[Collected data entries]
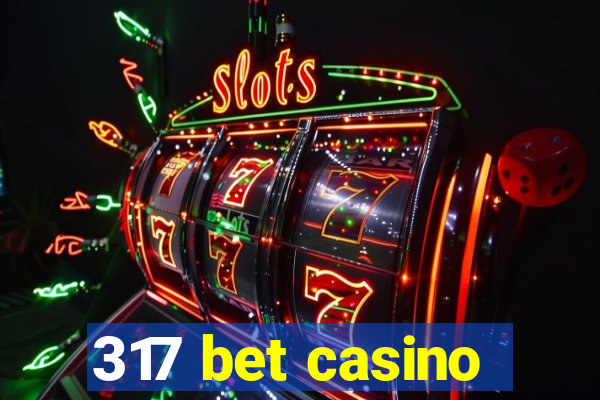 317 bet casino
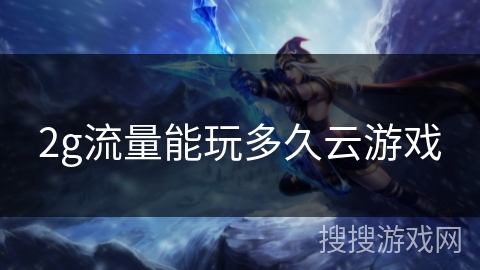 2g流量能玩多久云游戏 2g流量能玩多久云游戏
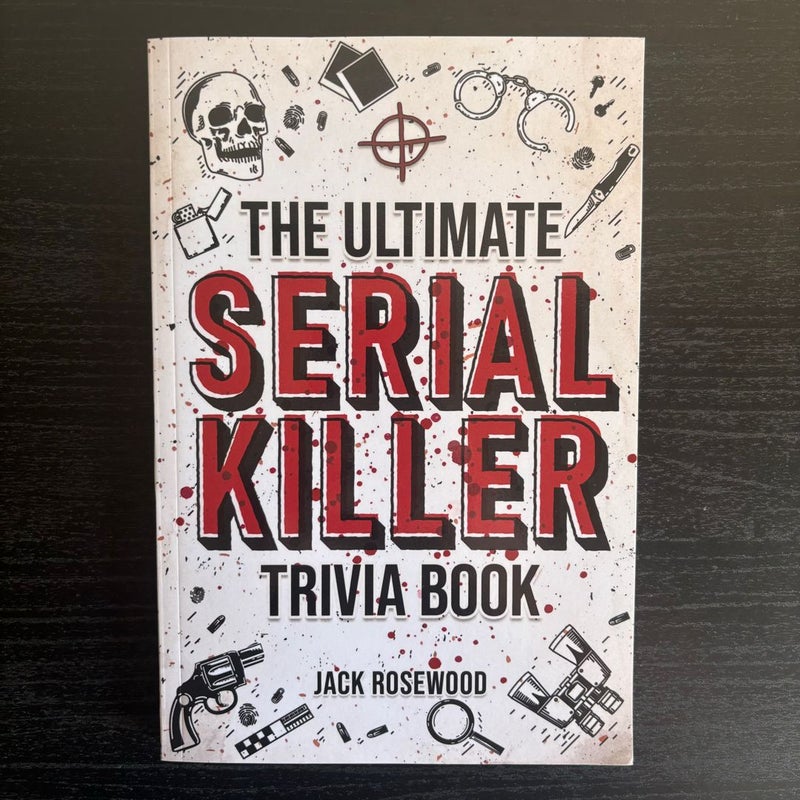 The Ultimate Serial Killer Trivia Book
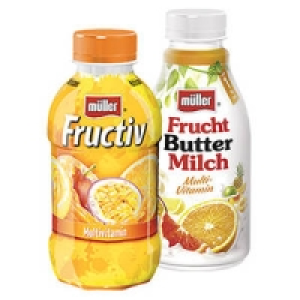 Müller Drink Fructiv oder Fruchtbuttermilch 0.69 €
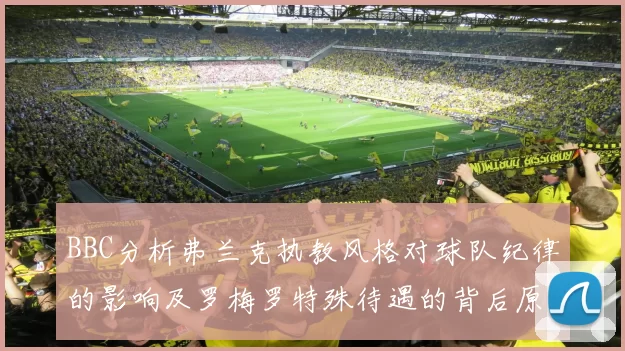BBC分析弗兰克执教风格对球队纪律的影响及罗梅罗特殊待遇的背后原因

**Task brief:**
Are you able to set down all the lines above exactly, without any pictures?

**Answer to the exercise:**
 317 bet casino
 2g流量能玩多久云游戏 2g流量能玩多久云游戏
 The Ultimate Serial Killer Trivia Book
 Müller Drink Fructiv oder Fruchtbuttermilch 0.69 €
BBC分析弗兰克执教风格对球队纪律的影响及罗梅罗特殊待遇的背后原因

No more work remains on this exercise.